Derken mevcut İngiliz Başbakanı hakkında buna benzer bir sıkıntı çıkmış. Başbakan Rishi Sunak, kendi kullandığı arabada seyir hâlindeyken İnstagram için bir video çekmeğe kalkmış ve bunu rahat yapabilmek için emniyet kemerini çıkarmış! Trafik polisi ne yapmış? Emniyet kemersiz araba kullanmaktan, Başbakana ceza yazmış! Haber basına yansıyınca Başbakanlık sözcüsü Davies bir beyanat vermiş: “Bizim tahammülümüzü denemeye kalkmasınlar. Terörist işbirlikçileri bizi yıpratmaya asla çalışmasın.”, dememiş. Ya ne demiş? “Bu anlık bir hataydı. Başbakan kısa bir video çekmek için emniyet kemerini çıkardı. Bunun bir hata olduğunu tamamen kabul ediyor ve bu konuda özür diliyor. Başbakan, herkesin emniyet kemeri takması gerektiğine inanıyor.” demiş.
Ne kadar farklı kültürleriz, değil mi? Bir tarafta tespih tanesi gibi en pahalısı ve en lüksünden düzinelerle araba. Diğer tarafta arabasını veya bisikletini kendi kullanan başbakan! Bir tarafta ağzını her açtığında büyük adamını tenkit edenlere olmadık aşağılamalar yönelten bir “sözcüler” ordusu, diğer taraftan emniyet kemersiz araba kullandığı için özür dileyen bir başbakanlık.
Adamların itibardan da, itibarın sınırsızlığından da haberleri yok. Büyük adamların da aşağı sınıflardaki alelade insanlarla aynı kanun ve yasaklara tabi olacağını düşünen bir kamuoyu. Tövbe, tövbe…
YOKSA BİZ DE BÖYLE MİYDİK ESKİ TÜRKİYE’DE?
Bakınız bir zamanlar biz de bu elin İngiliz’i kadar elin Avrupalısı kadar sapkınmışız. Taha Akyol’un, Kuvvetler Ayrılığı Olmayınca kitabında beni en çok etkileyen hikâye, Demokrat Parti İçişleri Bakanı Halil Özyörük’ün başına gelenlerdi. Bakan ve eski Yargıtay Başkanı Özyörük hakkında gazetelerde, makam arabasını özel işlerinde kullandığına dair haberler çıkmış ve İçişleri Bakanı, istifa etmek zorunda kalmış!

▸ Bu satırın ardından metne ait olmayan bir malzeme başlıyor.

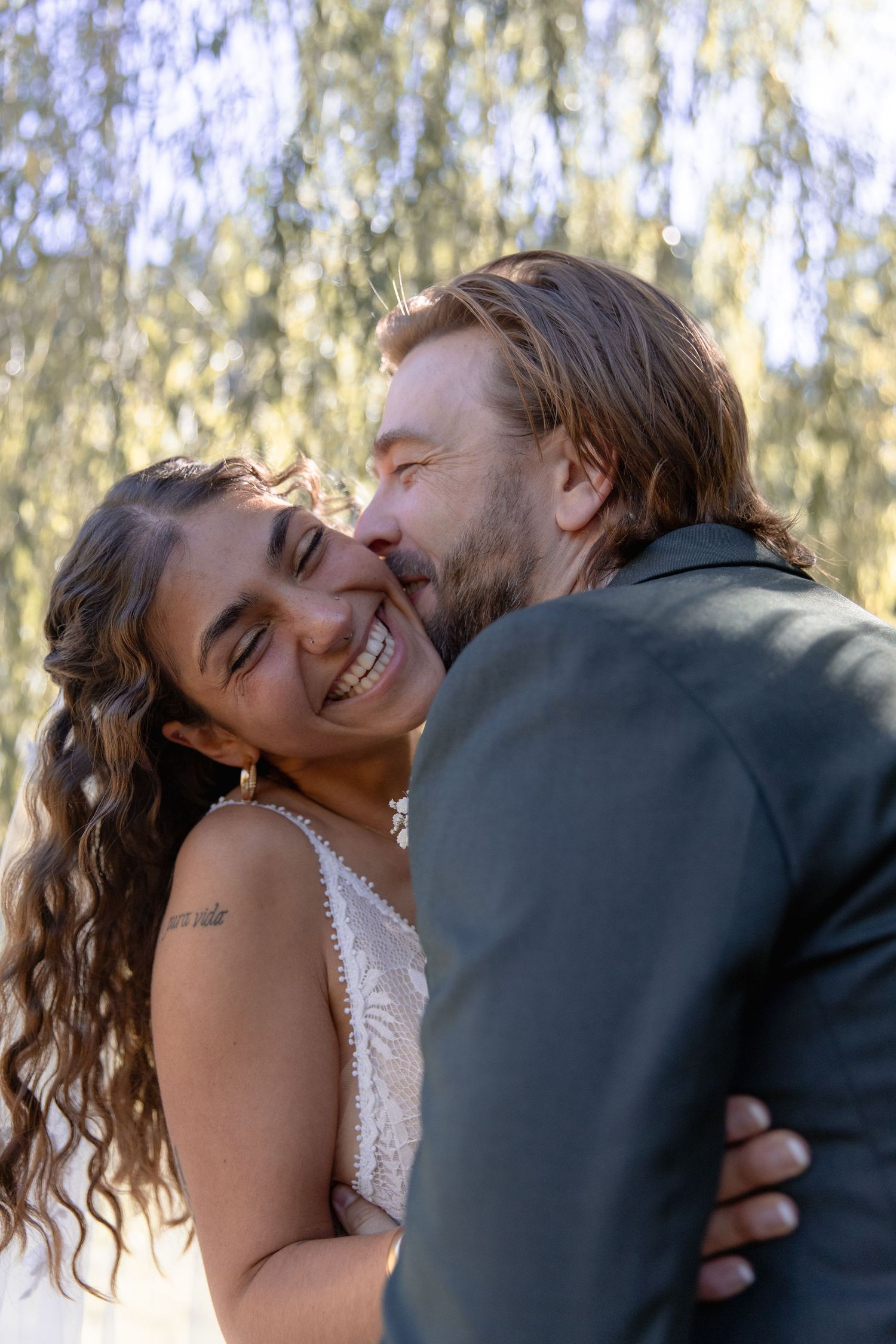 A romantic wedding photo sequence shows a couple sharing an intimate kiss in a sunlit forest setting.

Bismillah! Ne hallere düşmüşüz o zamanlar. Bizde de yasak ve hukuk herkesi kapsarmış demek ki.
Basın da bir İçişleri Bakanı’nı açıkça itham edermiş; hem de sadece söylentiye dayanarak.
Şükürler olsun ki mevcut büyük, hem de çok büyük adamlarımız sâyesinde biz de büyüklüğün ne demek olduğunu öğrendik. Bir elin parmakları bir olmadığı gibi bütün insanların da bir olmadığını iyice ama iyice anladık.
Hukuk 85 milyondan büyüktür ama birden, üçten, beşten, hatta birkaç yüzden büyük değildir. Ve büyük adamların itibarı her şeyden büyüktür.
“Mağrur olma padişahım, senden büyük Allah var.” ne demek? Bunu padişahların alçak gönüllüğüne misal diye kullanırlar. Ama kazın ayağı hiç de öyle değildir. Senden büyük bir tek Allah varsa, sen yaratılmışların hepsinden, halktan, kanundan, nizamdan büyüksün demektir. Allah’tan küçük olmanın pratikte bir uygulanabilirliği de yoktur, değil mi?